It’s easy to let your heart rule your head when you’re looking for a new place to call home. The new property is going to be the centre of your life, hopefully for many years, and you have to feel positive about it.
You need to feel the charm of the place, but a checklist of minimum requirements helps to keep your feet on the ground.
It’s a difficult balancing act.
The bottom line is that you need to be able to afford to pay for your home. Lenders these days are strict and often insist on a 20% deposit, so that’s one thing that’s going to limit your search. But check out the government’s “Help to Buy” scheme, which can provide what’s known as an ‘equity loan’ of up to 20% towards the deposit as long as you can raise just 5% yourself.
The idea is that you can wait until the property is sold to pay off the loan, so you only need a mortgage for 75% of the price, as long as you can find 5% yourself. The scheme only applies to new-build properties.
As far as the mortgage is concerned, you can get prior approval up to a figure that the lender thinks is affordable for you. Nowadays, lenders look at factors beyond your net salary. They will ask about your fixed outgoings as well, to make a more realistic judgement.
But even with this extra caution from lenders, the decision as to how much you can really afford to pay for your mortgage is a personal one. Maybe you have a hobby that means a lot to you, or you love travelling. You have to factor those things into the equation.
Do your own financial statement and be realistic about unexpected expenses, home maintenance, holidays and festivals. If the mortgage lender thinks you can afford more you believe you can, it’s better to be conservative and stick to your own judgement.
Don’t view houses that you can’t afford both in your own mind and according to your lender’s opinion. Get advice from an Estate agent with local knowledge, like Bridgfords for properties in the North, but be firm about your bottom line. What you don’t view can’t tempt you.
If you’re working you need to live within reach of your employment.
Look at locations within a commutable distance, and work out whether the financial and emotional cost of commuting will be worth it. In theory you might be able to travel for four hours a day, but that commute will dominate your life. Try it, and see whether you get a seat on the train, and how stressful you find the journey.
If the local station’s a terminus so that you can be sure of a seat and you enjoy reading, or you can work on the train, then a long commute may be fine. But if you would have to force yourself into an overcrowded train and spend over an hour standing in a crush before you start your day’s work, then that might be too much for most people.
Location has such an effect on price that if there’s a less fashionable area bordering the one you’d rather be in, then take a good look at it. If the town or city is thriving, then shabby areas may improve.
But that’s a slow process and one that may even work in reverse, so don’t count on a future improvement in value. Only buy if you are happy to embrace the area exactly as it is.
How much space do you need for your household? You will probably be happier with extra space in a shabby area than you will be feeling overcrowded and cramped in a pretty neighbourhood.
Think about what space you need to make you happy. You need enough bedrooms for the family, and ideally a spare room, though you can probably manage without.

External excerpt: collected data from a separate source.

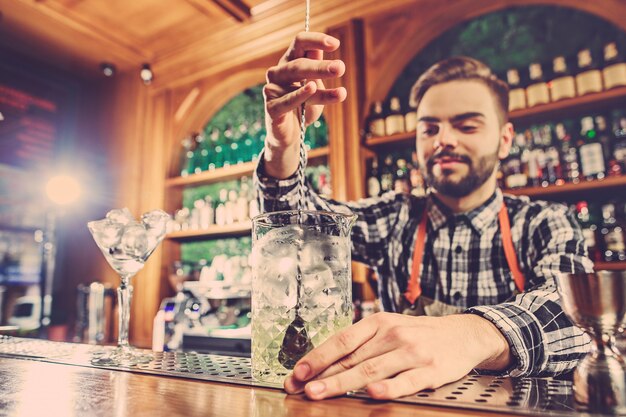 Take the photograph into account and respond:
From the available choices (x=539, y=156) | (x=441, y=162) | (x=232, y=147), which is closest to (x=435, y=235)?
(x=441, y=162)

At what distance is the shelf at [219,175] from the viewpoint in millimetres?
2886

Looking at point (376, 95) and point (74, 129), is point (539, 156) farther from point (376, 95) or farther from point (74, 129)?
point (74, 129)

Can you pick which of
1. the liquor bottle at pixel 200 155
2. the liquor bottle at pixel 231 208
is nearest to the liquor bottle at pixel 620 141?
the liquor bottle at pixel 231 208

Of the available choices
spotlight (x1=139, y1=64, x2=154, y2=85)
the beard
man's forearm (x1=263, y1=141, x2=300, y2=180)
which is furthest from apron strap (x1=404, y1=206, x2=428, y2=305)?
spotlight (x1=139, y1=64, x2=154, y2=85)

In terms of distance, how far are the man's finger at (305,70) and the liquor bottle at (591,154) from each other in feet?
6.00

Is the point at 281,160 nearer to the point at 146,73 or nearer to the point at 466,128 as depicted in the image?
the point at 466,128

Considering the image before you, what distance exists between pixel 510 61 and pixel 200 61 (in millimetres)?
2129

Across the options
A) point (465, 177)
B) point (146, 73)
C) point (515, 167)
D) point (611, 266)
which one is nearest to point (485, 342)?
point (465, 177)

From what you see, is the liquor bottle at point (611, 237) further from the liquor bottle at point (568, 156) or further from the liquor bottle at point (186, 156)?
the liquor bottle at point (186, 156)

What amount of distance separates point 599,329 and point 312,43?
61 centimetres

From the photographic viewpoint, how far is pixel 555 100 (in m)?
2.21

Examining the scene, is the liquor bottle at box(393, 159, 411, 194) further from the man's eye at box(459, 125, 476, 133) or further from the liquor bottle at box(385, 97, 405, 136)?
the man's eye at box(459, 125, 476, 133)

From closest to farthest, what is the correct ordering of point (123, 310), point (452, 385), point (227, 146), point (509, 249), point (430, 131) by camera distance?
point (452, 385) < point (123, 310) < point (509, 249) < point (430, 131) < point (227, 146)

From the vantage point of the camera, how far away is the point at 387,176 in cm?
268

But what about storage? Will you be able to create enough cupboard space so that you’re not always tripping over your belongings? Is it important to you to be able to sit around the kitchen table with your family?
Bear in mind that the seller is likely to have done a major de-cluttering exercise before putting the house on the market. There may be no clutter to see, but could that be maintained in this house or is the tidiness just for show? Where would you put that kitchen table that means so much to you?
A clever seller will try to create an appealing atmosphere, to pull you in and that’s all very well and good. But you have to see beyond emotions to the hard realities of finance, location and space.